My last neuro new patient assessment with my clinical educator was a rush. We had two patient's coming down in the afternoon, one from ward nine, the other from the medical ward. At the handover meeting it was decided between my supervisor and the other physio on the AT&R ward that I would take whoever was ready first. Anyway, it turned into another retrieval exercise after lunch (not because the orderlies weren't doing a good job, rather I had to be assessed with a patient within a certain time that afternoon). So I picked up the patient, brought them down to AT&R ward, dropped off their belongings to their room, helped with a toilet stop and then it was off to the gym for their initial assessment. And it went alright, not perfectly, but I got the information I needed and had a good rapport with the patient. We were a bit pushed for time, and key information was not mentioned by the patient (I hadn't been able to read the patients notes)... when I say this, I refer to asking the patient whether they had any heart or lung problems now or in the past and they said no! I check their feet... pitting oedema... I suspect the truth will be in their notes.

On my last day, right before I was going to leave a patient called for me from their room, asking me to ring their wife - they wanted to go home. Obviously I had to reason with them, they were not medically ready to be going home. But I did emphasise to the nurse that the person should be allowed to make a phone call, just to catch up with their family. Goes to show, building rapport is a powerful thing.

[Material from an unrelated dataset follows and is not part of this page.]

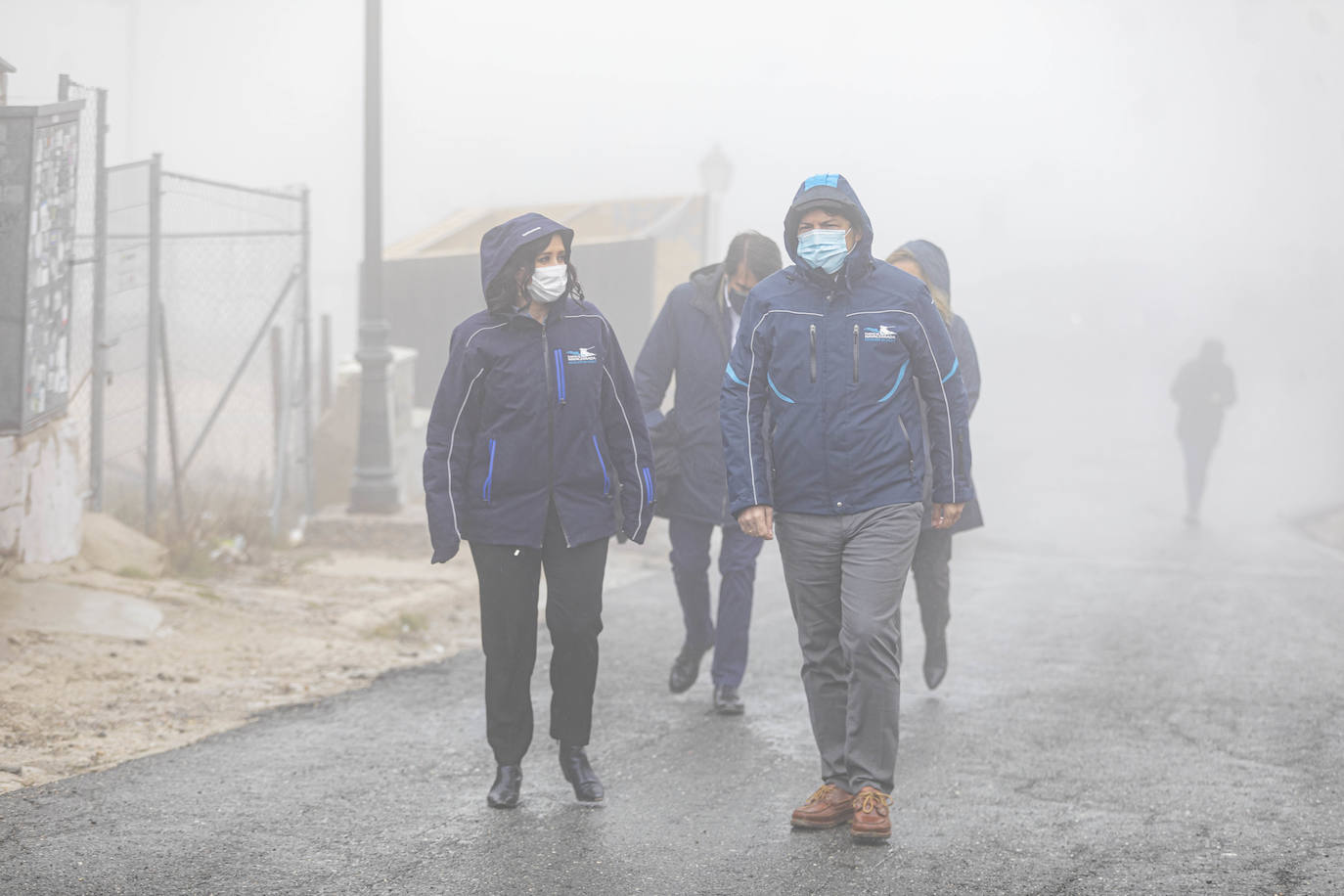 La presidenta Isabel Díaz Ayuso y Fernández Mañueco visitan la instalación invernal.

It's tradition for 4th year students to bake on their last day of placement, so I whipped up a batch of chocolate brownies for all the staff in AT&R to enjoy. I also said goodbye to my patients & the staff - nurses, doctors, OTs & cleaners, they were thankful for my contribution and enjoyed the brownie that I had brought along.

Premixed brownie from the supermarket is a winner!!
Lloyd is a historic patient of AT&R Nelson who brings in apples from his orchard
Easter break... time to update our portfolios and then relax for a week!

I've started some more casual hours working, this time continuing as a massage therapist with a local physiotherapy clinic in Nelson 'Active Body Centre'. I'll be available Monday, Tuesday and Friday evenings from 6pm.
Treatment room, Active Body Centre based at City Fitness in Stoke!